Houve um tempo, há décadas, em que gostava de fazer uma brincadeira quando chegava a casa de amigos, em São Paulo: ver os discos que tinham. Todos tinham muitos do Chico Buarque, Vandré, Sérgio Ricardo, grupo Tarancón, Mercedes Sosa, Violeta Parra, Elis Regina, Quinteto Violado, Milton Nascimento e outros. Do Milton Nascimento, tinha um especial, cuja capa se abria em forma de um grande caderno e tinha de fora a fora uma foto do público de um show dele na Cidade Universitária de São Paulo. Era esse que me interessava. Centenas e centenas de estudantes apareciam na foto. E em todas as casas, havia um círculo feito à caneta em volta de um rosto, tipo “olha eu aqui”. Todo mundo se identificava na foto, com orgulho. Menos eu. Não por ser diferente dos outros, mas porque estava num lugar mais alto e fiquei fora da área abrangida por ela.
Eu me lembrei disso ao ler o livro “De onde vem essa força – histórias da família Nascimento de Minas para o mundo”, de autoria de uma prima do Milton, Vilma Nascimento, também cantora, e de Jary Cardoso e João Marcos Veiga.
Ganhei o livro de um amigo e ele me matou muitas curiosidades, até curiosidades que antes eu não tinha.

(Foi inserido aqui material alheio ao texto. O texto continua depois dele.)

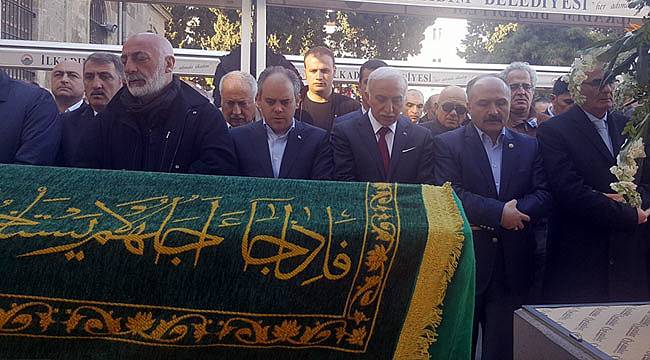 Yıldırım Holding kurucusu Garip Yıldırım toprağa verildi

E me grudaram na cabeça muitas músicas de Milton e seus parceiros do Clube da Esquina, especialmente “Raça”, de que usaram para o título do livro, e “Maria Maria”, que entendi agora ser homenagem à matriarca da família, Maria mesmo, avó de Milton, nascida num lugarejo do município de Lima Duarte, perto de Juiz de Fora. Nada a ver com o ator Lima Duarte, que adotou esse pseudônimo porque consideravam seu nome inviável para um ator. Realmente, Ariclenes Venâncio Martins fica difícil...
Pensei em mandar estes comentários ao Jary Cardoso, jornalista convidado por Vilma, a prima de Milton, para participar das entrevistas com uma enormidade de gente descendente da (pra mim agora lendária) Vó Maria, mulher cujo marido se limitava a fazer filhos, até que ela se mudou para Juiz de Fora e, com muita garra, muita força, muita graça, deu origem a uma legião de descendentes. Descendentes que tinham sempre o papel preponderante das mulheres, decididas, independentes, inclusive Maria do Carmo, a Carminha (1918-1944), que se mudou pro Rio de Janeiro e lá teve um filho com um namorado irresponsável. Trabalhando nas periferias das grandes cidades conheci muita gente assim: homens que se julgam sem nenhuma responsabilidade pelos filhos que fazem, e mulheres tendo que ser fortes e muito trabalhadoras para criar as crianças. Mas esse irresponsável do Rio deu um presente ao mundo: seu filho Milton Nascimento, desde criança apelidado Bituca.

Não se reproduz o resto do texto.